Un accostamento certamente immediato, facile, ma non banale. A distanza di così tanti secoli dalla fine del XII secolo il grido dei poveri accomuna la città di Omobono e le città di oggi, le città di un villaggio globale in cui molti gridano, in cui il grido di qualcuno è amplificato attraverso i mass media mentre il grido di altri è soffocato dal disinteresse e dall’indifferenza.
Raccogliere le reliquie di Omobono può significare per noi avere il coraggio di guardare, di voler guardare e ascoltare chi grida e chiede aiuto. Si tratti di qualcuno a noi accanto, si tratti di qualcuno da noi lontano. Ascoltare il suo bisogno, per fare qualcosa: mettere mano alla borsa (come si è abituati vedere raffigurato Omobono) oppure per un cambiamento strutturale che permetta di vincere le condizioni che affossano l’uomo nella povertà.

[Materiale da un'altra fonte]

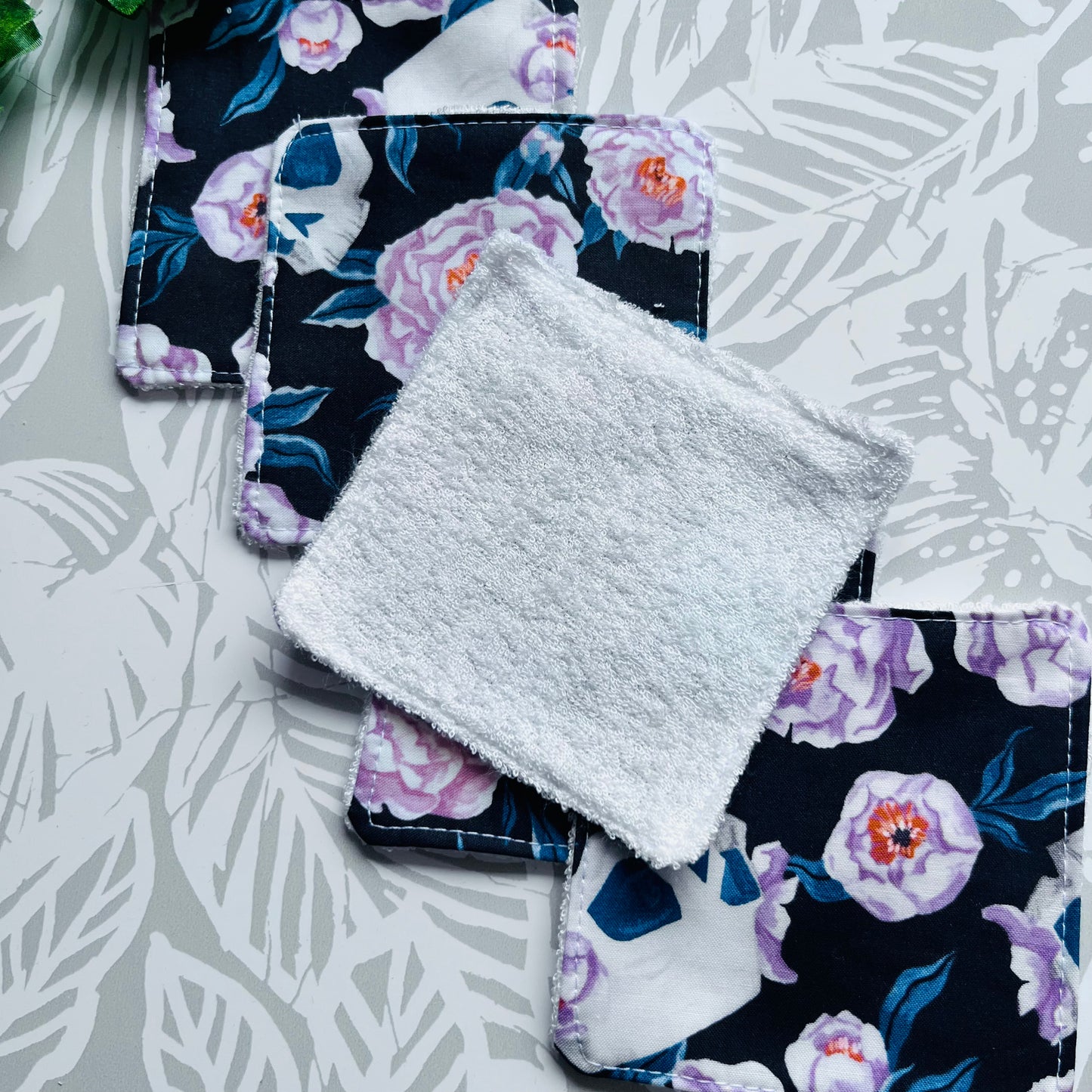 Floral Skull Face Wipes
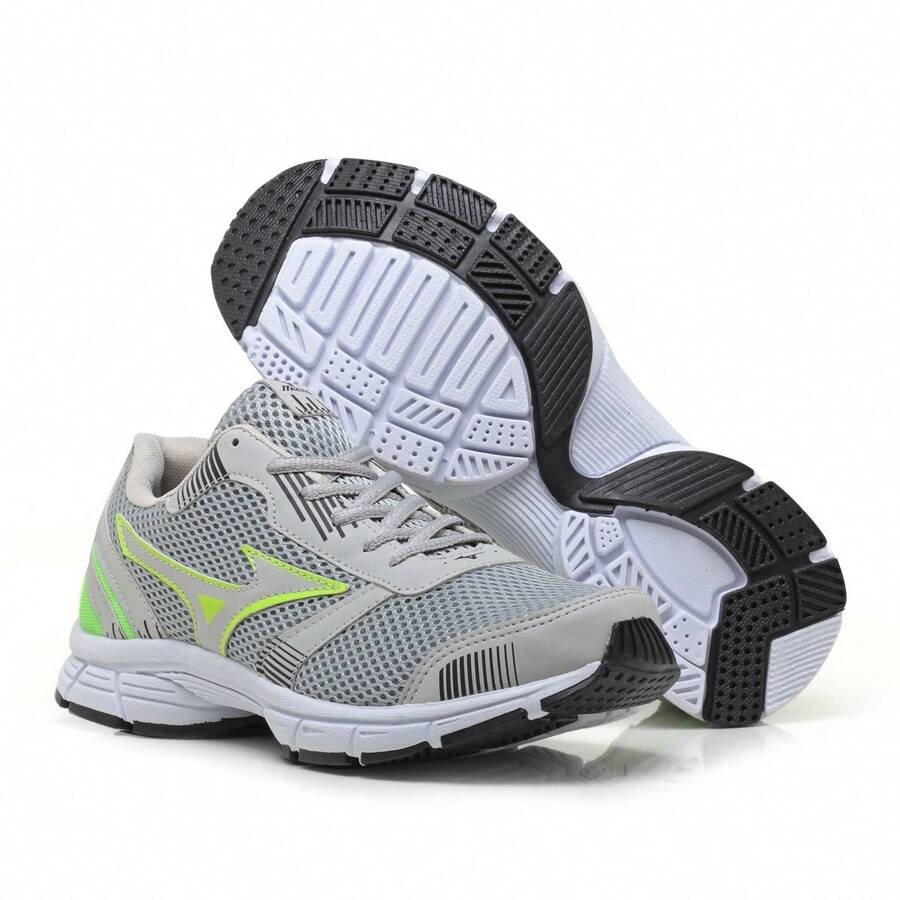 Men's Sports Shoes CrossFit Training Sports Lace Up Gym And Fitness - Bạc/Xanh lá cây - Xem 1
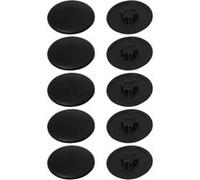 10x Cache vis plastique Torx T20 12mm noir capuchon plat protection G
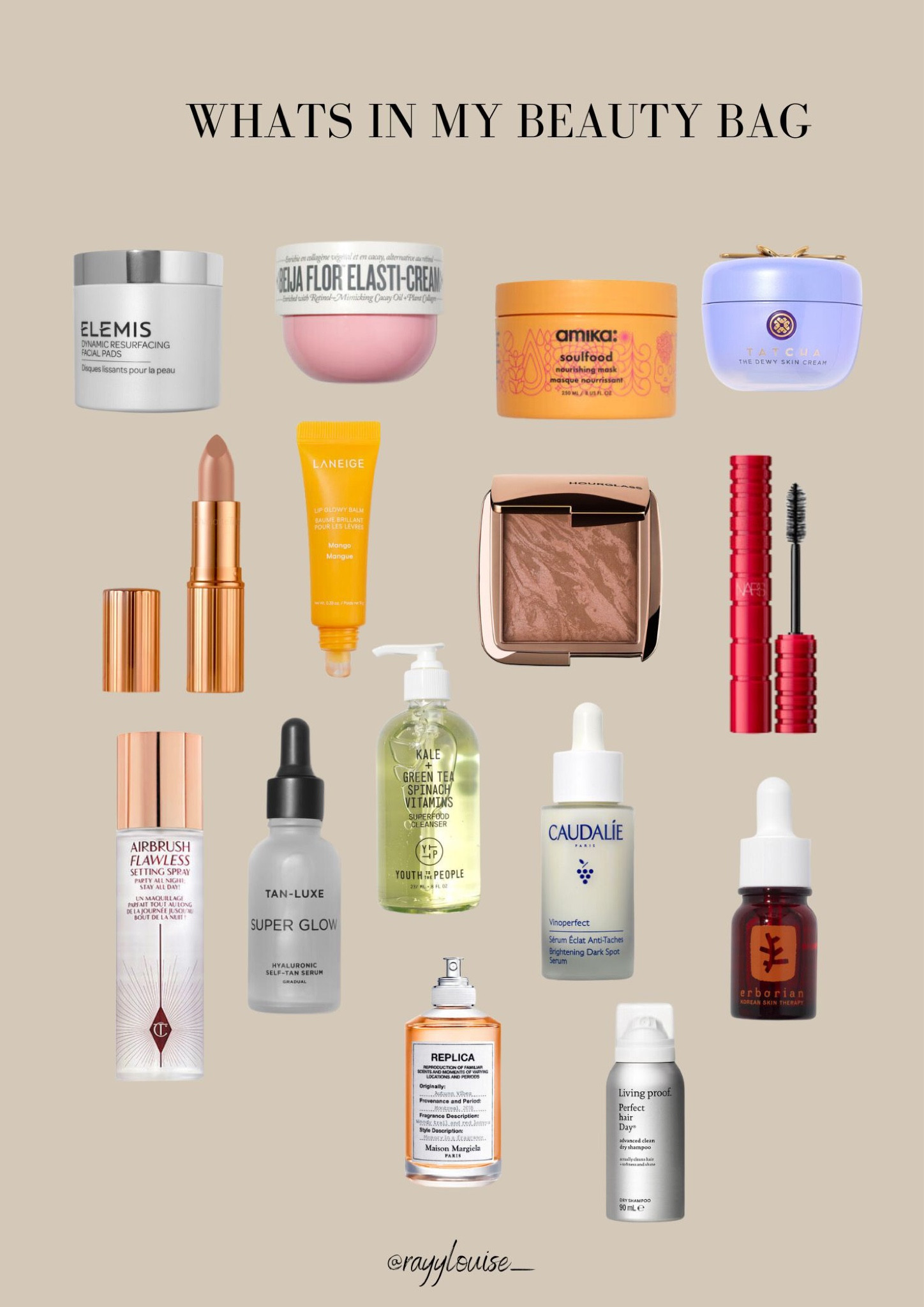 What’s in my Beauty Bag: skincare, makeup, haircare, body care. 

Sol de janeiro, charlotte tilbury, caudalie, elemis, tatcha, amika, laneige, living proof, hourglass, nars  

#LTKbeauty #LTKmakeup #LTKuk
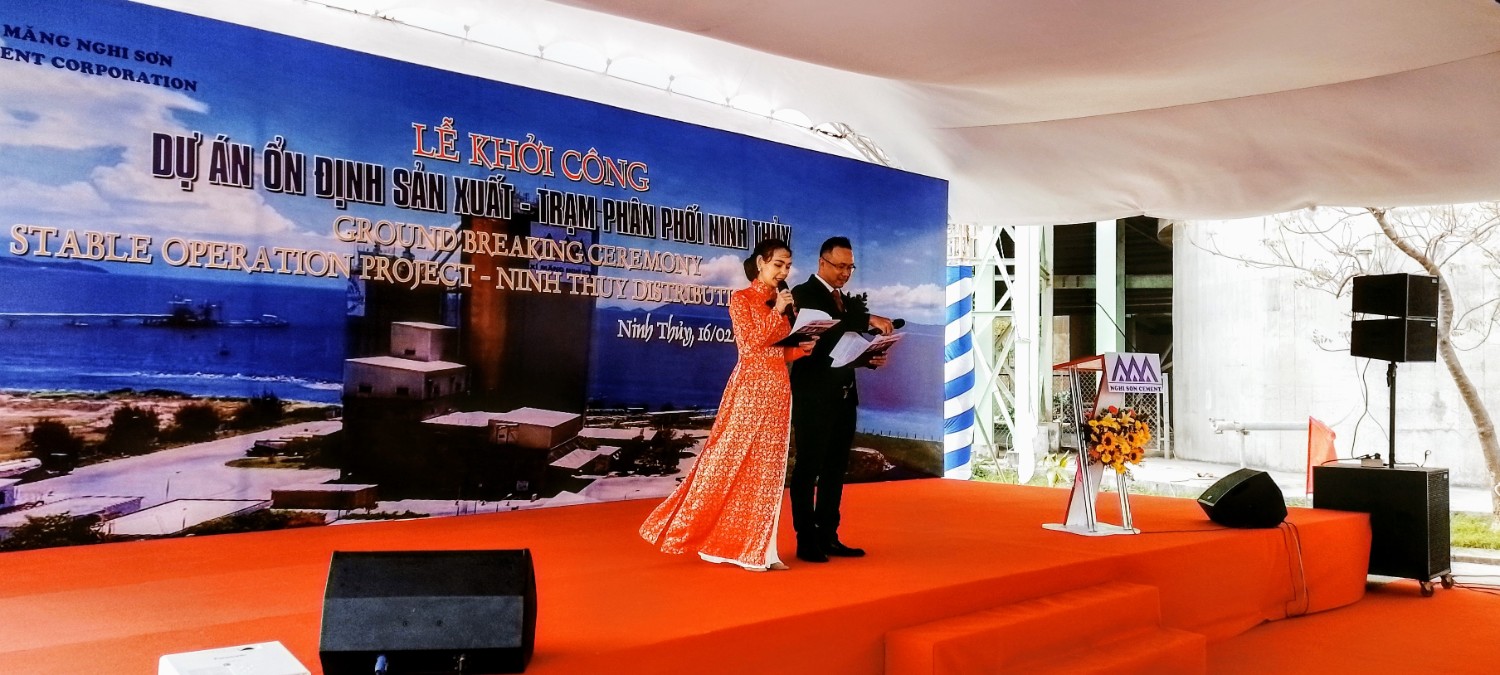 KHỞI CÔNG CEMENT NGHI SƠN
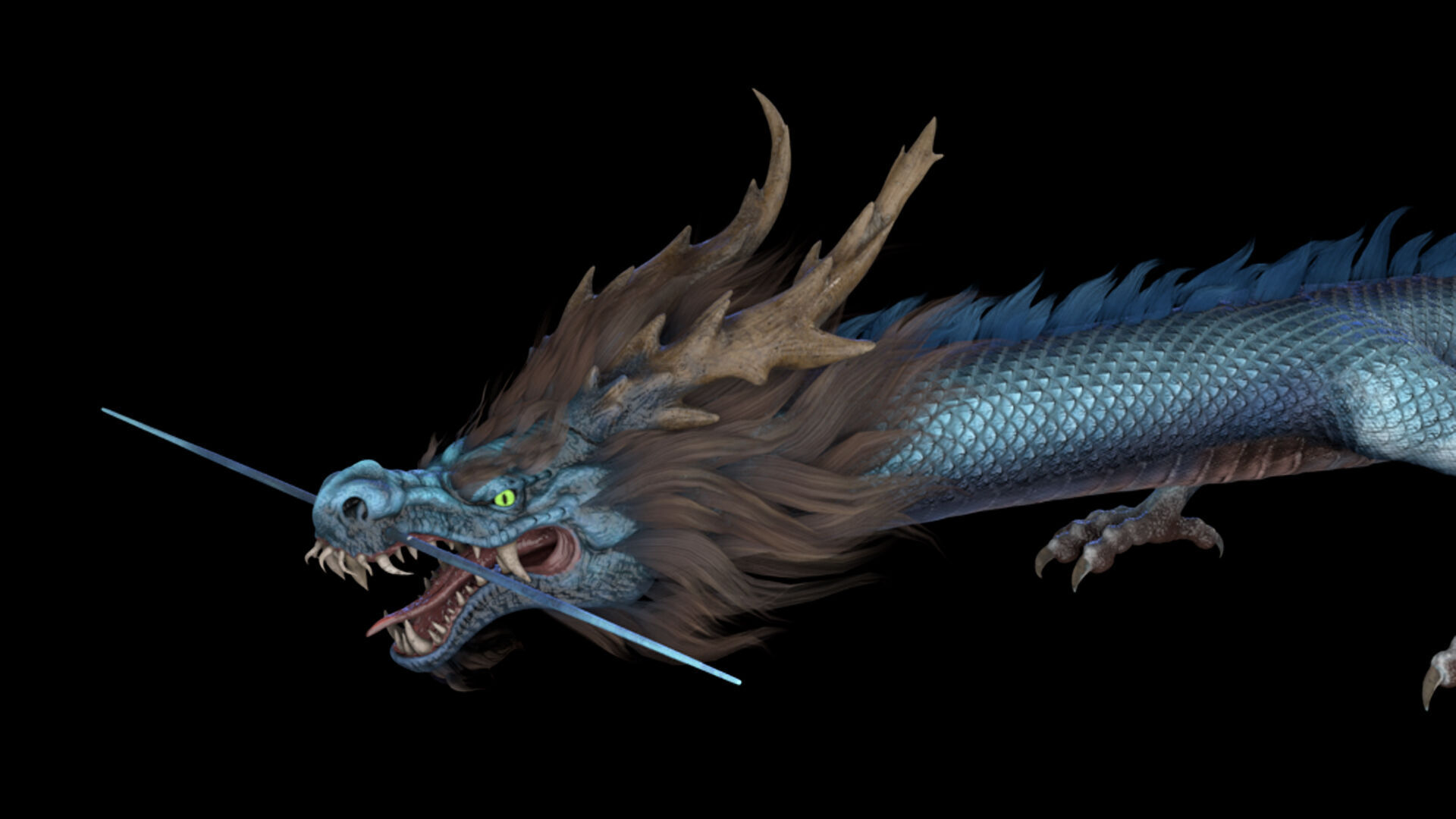 dragon ChineseDragon loong 3D model_6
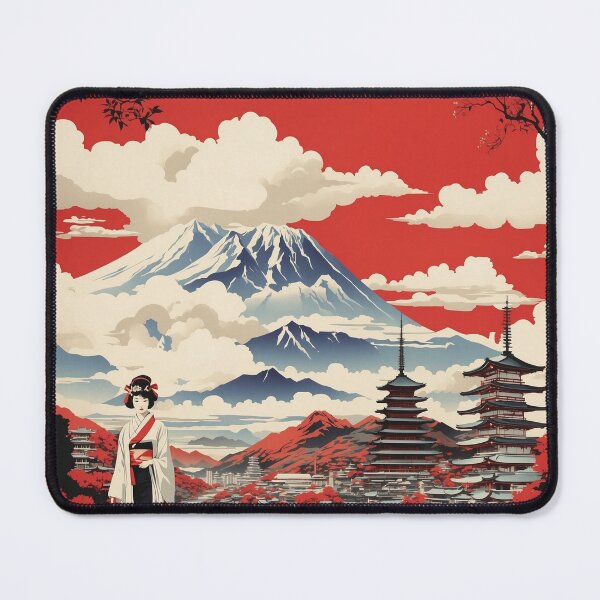 Item preview, Aichi Japan Vintage Poster Tourism designed and sold by TravelersGems.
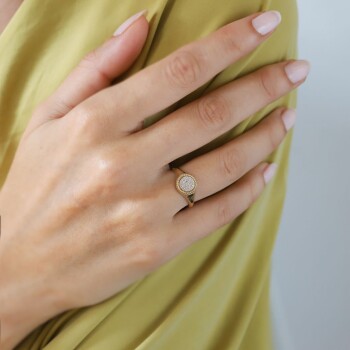 Circle Taşlı Şovalye Yüzük - Rayna (1)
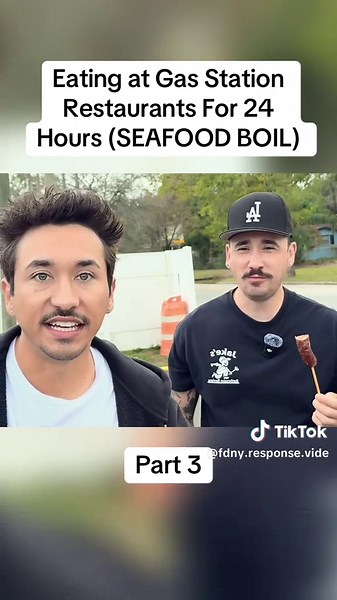 24 Hours Eating at Gas Station Seafood Restaurants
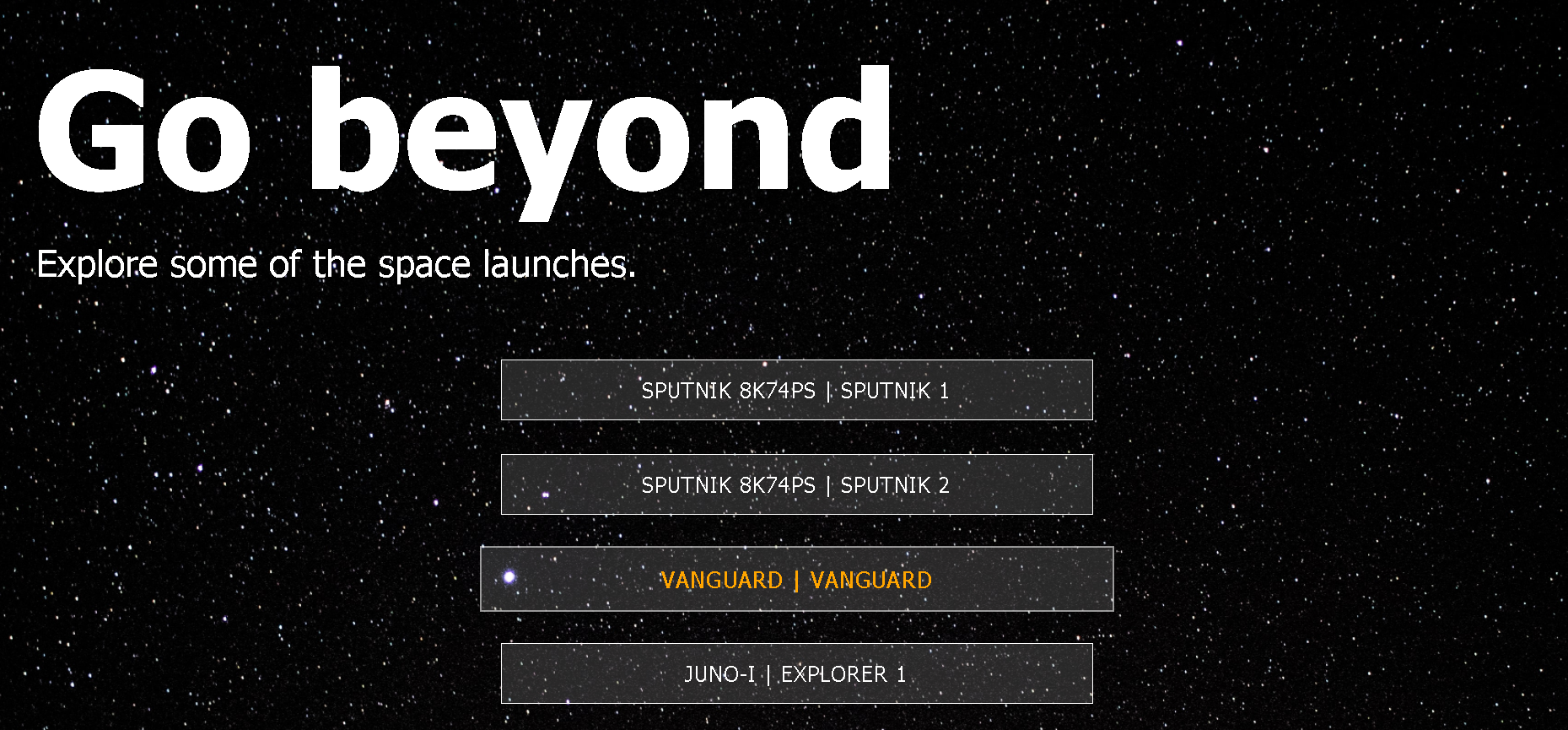 GitHub - rosoema/space-launches: Simple React App for exploring Space ...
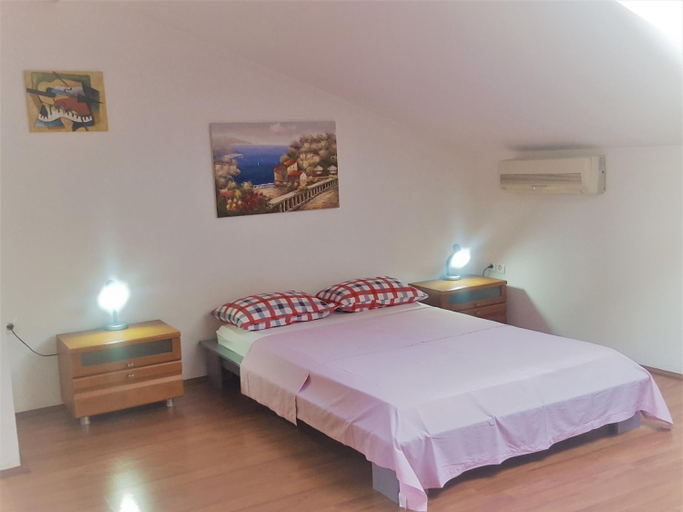Bedroom 2, Apartments Villa Novak - One Bedroom Apartment with Balcony, Dubrovačko Primorje
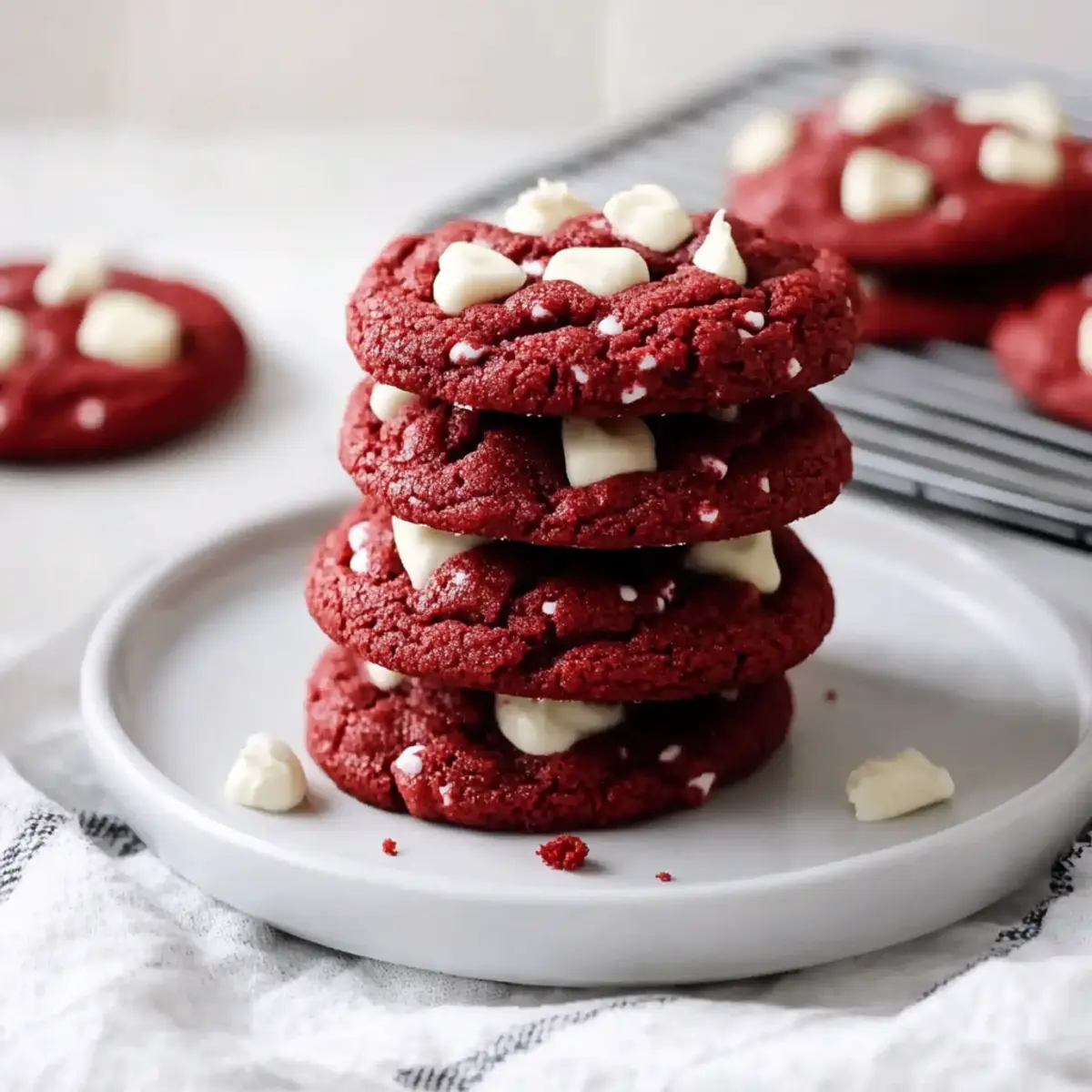 Red Velvet Cake Mix Cookies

Il Vescovo Antonio nella sua omelia ha richiamato, fra gli altri, un passaggio della lettera del papa in cui si dice che la “mancanza di equità è la radice dei mali sociali” (Dilexi te 94). Questa affermazione diventa invito all’impegno per costruire l’equità, quell’equità che nella Seconda Lettera ai Corinzi san Paolo richiamava invitando i cristiani di Corinto a dare con generosità in favore dei fratelli di Palestina: “Non si tratta infatti di mettere in difficoltà voi per sollevare gli altri, ma che vi sia uguaglianza. Per il momento la vostra abbondanza supplisca alla loro indigenza, perché anche la loro abbondanza supplisca alla vostra indigenza, e vi sia uguaglianza” (2Cor 9,13-14).
Si tratta di un pensiero profondamente sociale che da san Paolo giunge a Papa Leone, passando per sant’Omobono. Un pensiero che ci invita a riscoprire i fondamenti della Dottrina sociale della Chiesa, un tempo così profondamente sentita nei circoli cristiani, nelle parrocchie, nella formazione all’impegno politico e partitico. Oggi, non dico dimenticata, ma certamente messa un po’ tra parentesi. Non c’è amor fraterno senza amore per Dio, ci si sente di dire come cristiani, ma è necessario aggiungere che non c’è amore per Dio se non c’è anche amore, concreto e pratico, verso gli uomini. Sarebbe bello se fra le reliquie di Omobono che la chiesa cremonese custodisce ci fosse il desiderio e l’impegno per riappropriarsi all’interno di associazioni, circoli e parrocchie dei contenuti della dottrina sociale, anche solo come ispirazione etica per le nostre scelte nella costruzione della polis, da intendersi come la città, il paese o la nazione in cui viviamo.
Mentre scrivo richiamo alla mente un quadro del pittore Angelo Bertolini (1940-2024) dipinto nel 1998. Raffigura sant’Omobono, è un quadro scuro quasi buio; dietro il profilo del santo, il cui volto è visibile solo da molto vicino, brilla la sagoma di una croce, a mo’ di aureola. In questo concentrato di tinte scure emerge, quasi emanante luce, la mano del santo, che stringe fra le dita un pezzo di pane. È in quel gesto di carità che brilla tutta la vita di un uomo, tutta la vita di sant’Omobono. Di lui non sappiamo la grandezza del giro degli affari, non sappiamo l’estensione delle proprietà. Di lui ricordiamo il gesto umile della carità, economica e pacificatrice. Questa luce che proviene dai suoi gesti e dalla sua preghiera ha rischiarato una città che a lui ancora oggi guarda con simpatia affetto ed ammirazione. Sia questa luce fra le reliquie la più preziosa e la più bella, fonte di ispirazione per il nostro futuro.